Wuhan, Guangzhou, Shanghai, these are the current sites of intensive urban exploitation – the place the English 19th century production machine moved to. India has been used as a good example of this previously. From cloth famine to industrialisation. As machines were sold off in England they ended up over there. The dialectic of underdevelopment just runs and runs, and… Wuhan, there it is. Late 2019 nobody had heard of it. 2020 everyone had.

As Will Davies points out, the link between Coronavirus and Brexit are greater than you might imagine. So perhaps the links between Coronavirus and east-west worker exploitation are greater than you think too.

But here opens a huge junction and one we need to be very carful with. Racism operates through other knowledges. You never get ‘pure racism’. That racism in extreme form is often also a search for psychic or subjective purity is instructive.
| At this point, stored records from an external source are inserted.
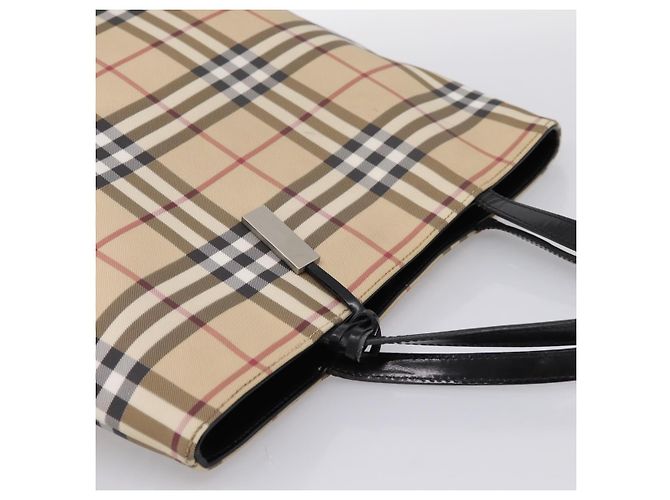 Borsa a mano BURBERRY Nova Check PVC Leather Beige Silver Auth BA15368 Argento - vista 6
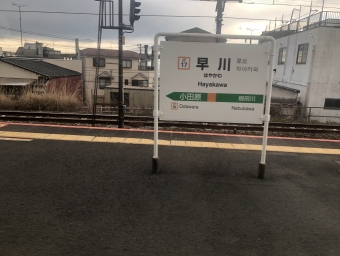 早川駅 写真:駅名看板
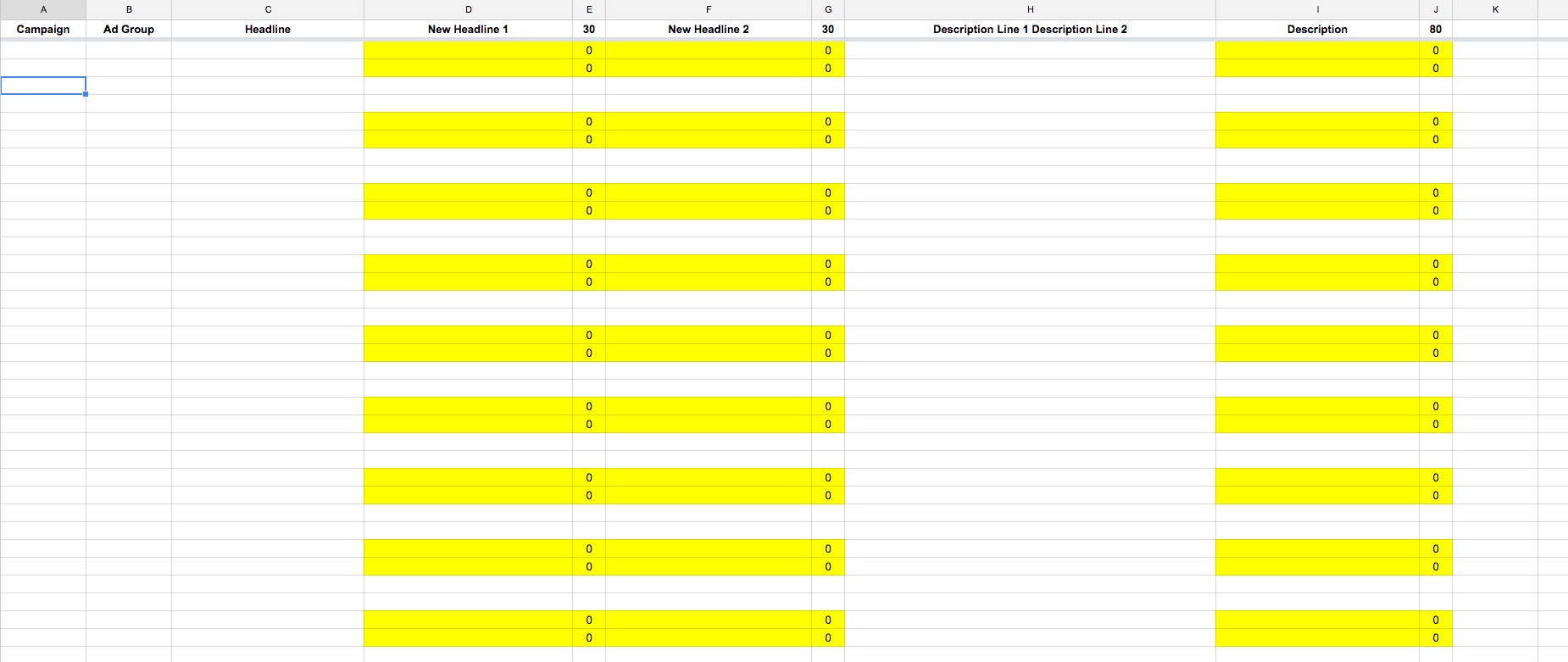 Column Spreadsheet Setup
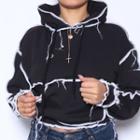 Frayed Trim Hoodie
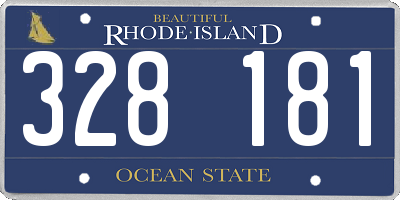 RI license plate 328181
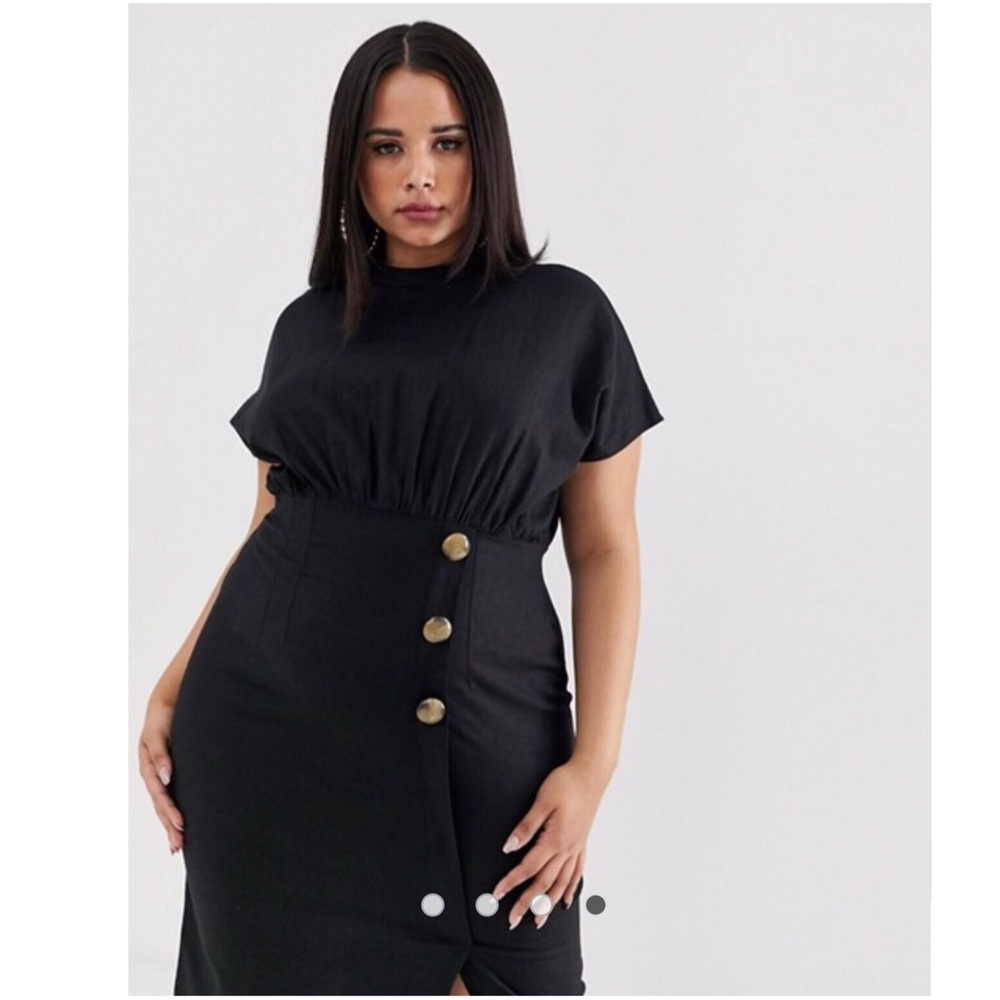ASOS Curve linen midi dress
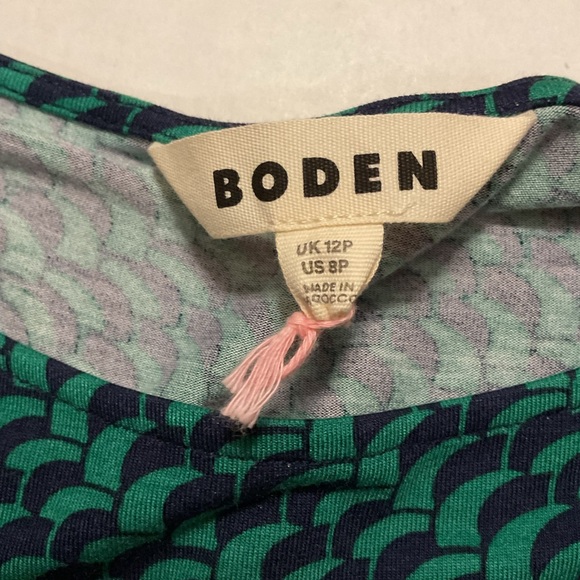 Boden Abigail Jersey Dress Green/Blue Geo Print - Picture 8 of 10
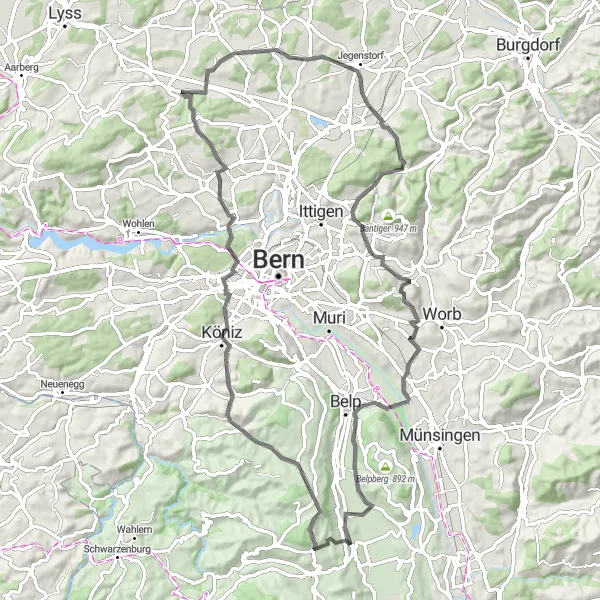 Zemljevid v pomanjšavi "Vrhunska cestna pot Hermiswil" kolesarske inspiracije v Espace Mittelland, Switzerland. Generirano z načrtovalcem kolesarskih poti Tarmacs.app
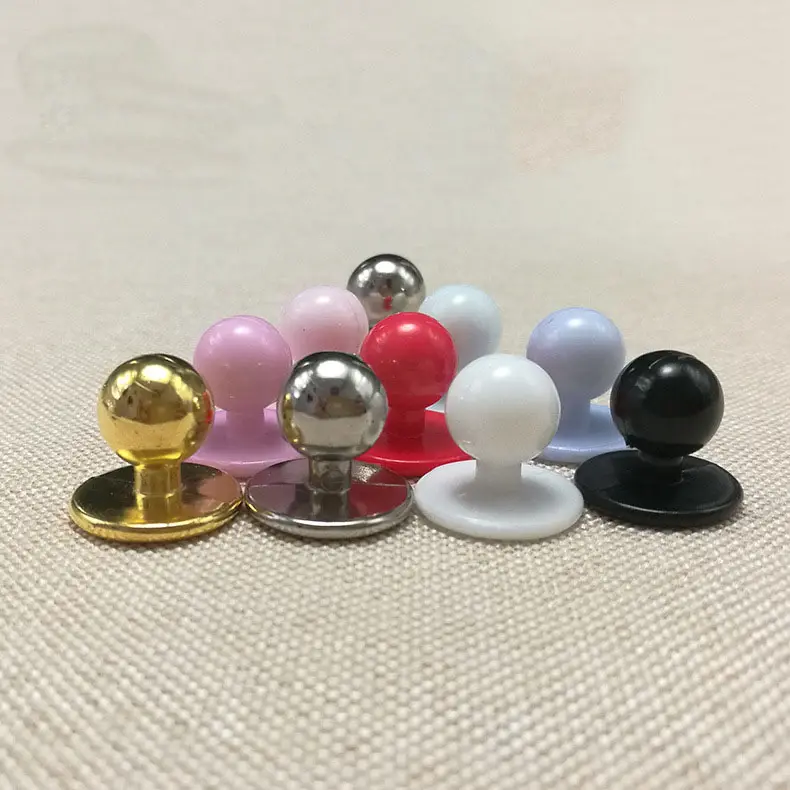 Plastic Chef Clothes Buttons Round Head 17.5mm Resin Button Gold Sliver For Restaurant Cloths Ball Shape Plastic Button s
Of course, in 2019 racism was operating through an erroneous perception of the EU as leaving UK borders completely open. The big problems around you are often the door through which racism comes. So it is no surprise that in 2020 it came through coronavirus, and at the sharp edge through police brutality. I have heard enough everyday chat to know that people have been saying ‘well over here it’s clean, social distancing, great care being taken, but over there, the asians aren’t doing any of it.’

What makes racism extremely difficult to uproot is that sometimes culturally different approaches to big events are marked. I will pass over this point agnostically, it needs much more evidence, but perhaps the gun smokes.

Is it a coincidence that a pandemic emerged from the hardest edge of instrumentalised enlightenment rationality? Wider discourses around environmental damage and global ecology seem to already assume there is a link.

These are open, much larger questions, but ones this book throws up. It is a powerful and detailed explanation of those forces in contemporary form. Its researchers and writers deserve your support.